Paylaş
Edebiyat meraklılarının, özellikle şiir severlerin gözünden kaçmamıştır. Son haftalarda dünya basını, Ted Hughes ile Slvia Plath'ın evlilik ilişkisini gündeme getirdi.
İngilterenin ünlü şairi Hughes yaşıyor, eşi Plath intihar etmişti.
İntiharın gölgesi bir türlü şairin üzerinden kalkmıyor, Plath hayranları onu suçluyor, lanetliyor.
Elbette insanların zulmüne karşıyım, şairlerinkine de aynı tepkiyi gösterebilir miyim? Şiire olan sevgim, burada beni çifte standart açmazlarına sürüklüyor. Şairleri aklamak için abes gerekçeler üretiyorum. Ne yapsınlar, diyorum, şiirin zalimliği şaire sirayet ediyor.
Bir başka ünlü şair T.S. Eliot'un hayatını sinemada seyrederken, onun da eşine karşı ilgisizliğini, zulüm denilebilecek davranışlarını gördüğümde, hayatını bildiğim halde, ne yapacağıma karar veremedim. İnsan olarak onu acımasızca yargılasam da, şair olarak böyle davranışını kınayamadım.
Çünkü şairler benim korumam altındadırlar. Ayrıcalıklarına herkesin saygı göstermesini isterim.

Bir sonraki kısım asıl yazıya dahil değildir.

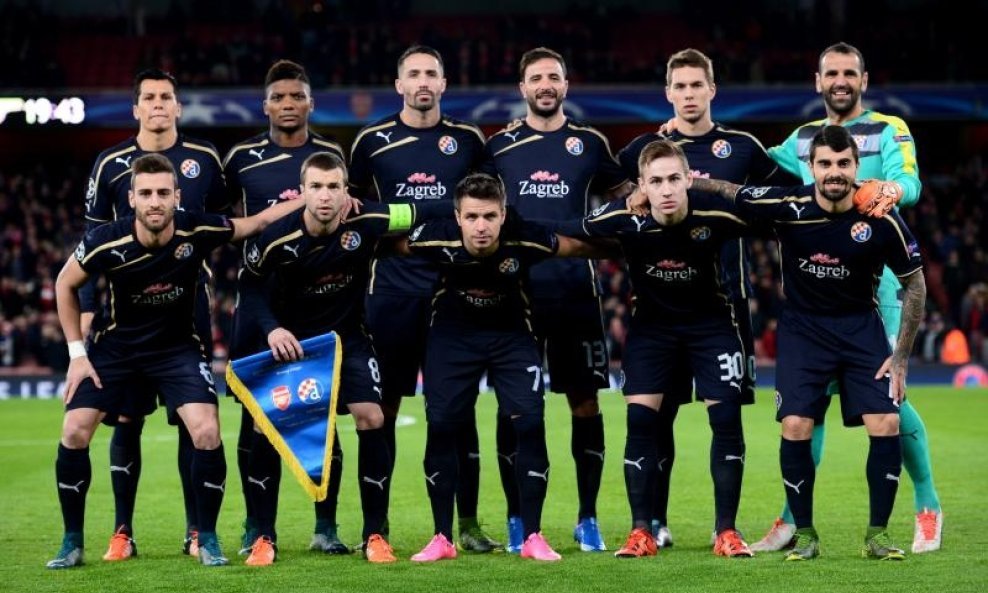 NK Dinamo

Eserleriyle hayatları arasına demir perde mi çeksem. Metinlerin egemenliğine teslim olup, kötü insanmış, deyip kestirip atsam mı...
Yoksa ikisini harmanlayıp, nefretle sevgi arasındaki gelgitlere kendimi bırakıp, şair insan diye yeni bir tür mü yaratsam. En azından imaj evimde.
***
İNSAN, kendini mesleğine, işine, hele şiire adayınca, dünyayı onun merceğinden görmeğe başlıyor. Başarı, tutku çizginiz tek hatsa, diğer hat/takiler dumura uğrayan bir beyin hücresine dönüşür. Hangi şair, şiirinden fazla bir neseneye, sevgiliye özen gösterir. Yazdıklarında evet, yaşadıklarında hayır.

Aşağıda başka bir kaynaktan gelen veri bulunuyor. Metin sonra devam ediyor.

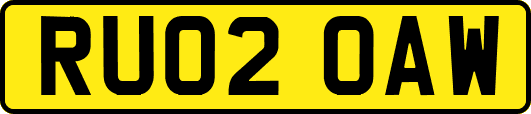 RU02OAW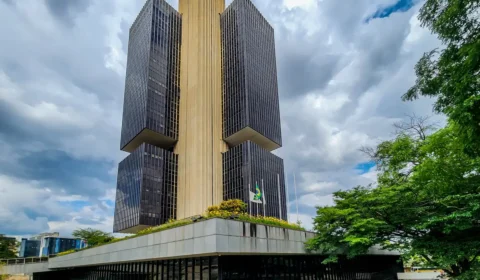 Banco Central reduz juros básicos da economia para 10,75% ao ano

Zulüm babında söz etmiyorum ama şiire adanan ömürlerin Türkiye'deki çizelgesini de şöyle bir gözden geçiriyorum.
Behçet Necatigil için her şey şiirinden sonra gelirdi. Şiirine dokunanı yakardı. Yazları, kışlık evde ailesinden uzakta şiir yazardı. Belki de iyi bir aile babası, Necatigil'i şiiri ailesine tercih ettiği için suçlayabilir. Oysa o güzel şiirler nasıl yazılabilirdi?

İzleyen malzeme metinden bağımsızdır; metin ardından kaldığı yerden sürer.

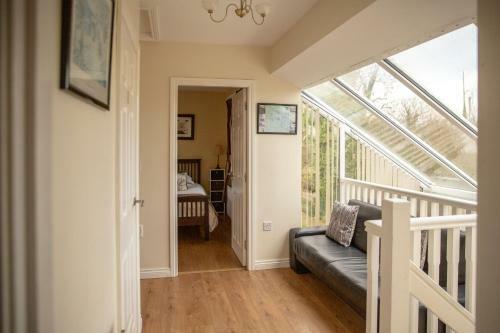 Hostal Ballycanal Moira- Guest House And Self-catering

Ahmet Muhip Dıranas da ‘‘Ben şiire her şeyi feda ettim’’ demişti bir konuşmasında.
Nâzım Hikmet'in eşlerine ihanetini okudunuz. Sadık bir eş değildi sözü, onun için bir anlam ifade etmez ki...
Özdemir Asaf, evinden ekmek almak için çıkıp, eşi ve çocukları sofrada beklerken, kendini Mamaris'te bulmuştu. Vay zalim baba sözünü, bunca iyi şiiri yazmış biri hak eder mi?
Cemal Süreya'nın sevgili ve eş katalogu belki Mozart'ın Don Giovanni'si ile mukayese edilebilir. Her akşam iş saatinden sonra evinde pantuflalarını giyen bir şairi pek hatırlamıyorum.
Galiba, iyi eşler tarihi ile edebiyat tarihini karıştırmamak gerekir.
***
ŞİİRİN esin perisi çok kıskançtır, başkasına aman vermez.
Bu yüzden de iyi şairler, hafif derecede zalim olabilirler.